Inside the Beautik perfumery on Calea Dorobanților, there is a corner of Bucharest that few people know about and even fewer forget after seeing it. The Perfume Museum impresses differently than you might expect — through density, through stories, through the weight of time concentrated in a few dozen square metres. Over 3,000 perfume bottles, each with its own history, collected over decades by Val Iacob, the owner of both the collection and the perfumery that houses it. 

The man behind the collection

Val Iacob holds, in total, over 20,000 objects related to the history and evolution of perfume. What is on display represents only a portion of these — a selection designed to illustrate as fully as possible the journey of perfume across centuries, from simple pharmacy bottles to the flacon as a work of art. "I started from the idea that nobody escapes the encounter with the smells around them," says Iacob. His passion is that of someone trying to preserve an olfactory history that risks being lost, rather than simply a collector drawn to beautiful objects.

What you find in the collection

The centrepiece of the museum is a Lubin eau de toilette from 1825, kept in its original pharmacy bottle alongside its original box. Since the moment it was created, the world has changed beyond recognition: Romania gained its independence, two world wars were fought, the first aeroplanes took flight. The perfume remained intact. The person from whom Iacob acquired it had never managed to open it — which likely contributed to preserving the liquid inside. The perfume is so rare that Gilles Lubin, the current head of the French brand, had never seen it until a visit to Romania.

Another key exhibit is the perfume "Mon Boudoir" by the House of Houbigant — the favourite of Queen Marie of Romania, withdrawn from production in 1938 upon her death, as a mark of respect for the woman considered at the time "the most beautiful queen in Europe." In September 2019, Val Iacob convinced Houbigant to reproduce this perfume, exactly 100 years after its original launch.

The collection also includes fragrances associated with celebrated historical figures: "Le Vainqueur" by the House of Rancé, worn by Napoleon Bonaparte and still produced today according to the original recipe, and Gin Fizz, created in 1955 for Grace Kelly, whose scent closely resembles a gin and tonic.

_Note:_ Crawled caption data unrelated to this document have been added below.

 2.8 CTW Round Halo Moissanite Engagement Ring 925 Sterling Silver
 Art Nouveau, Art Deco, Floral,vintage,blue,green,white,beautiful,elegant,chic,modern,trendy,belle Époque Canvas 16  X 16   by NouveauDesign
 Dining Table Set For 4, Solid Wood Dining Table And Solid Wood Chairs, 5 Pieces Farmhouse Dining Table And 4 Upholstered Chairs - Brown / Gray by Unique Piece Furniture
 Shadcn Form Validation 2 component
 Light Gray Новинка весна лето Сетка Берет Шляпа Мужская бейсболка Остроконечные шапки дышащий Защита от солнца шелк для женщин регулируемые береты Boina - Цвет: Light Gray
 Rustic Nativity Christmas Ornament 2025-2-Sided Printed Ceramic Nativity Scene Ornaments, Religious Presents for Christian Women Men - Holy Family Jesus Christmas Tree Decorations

Romania and European perfumery

Few people know that, roughly a hundred years ago, Romania was the second largest producer of perfumes in Europe, after France. This was the interwar period, when Bucharest was known as Little Paris and the great French houses — Coty, Guerlain, Lubin — had factories between the Carpathians and the Black Sea. The museum illustrates this connection through exceptional pieces that reached Romania precisely because the country was, at that time, an important market for luxury perfumery.

A generous section of the collection is dedicated to Romanian brands: Bob, Eva, Adam, Miraj, Macul Roșu, Farmec. The bottles can no longer be smelled — but the visual impact is powerful for anyone who grew up with these products at home, and for younger visitors they offer a window into a local cosmetics industry that mainstream history rarely discusses.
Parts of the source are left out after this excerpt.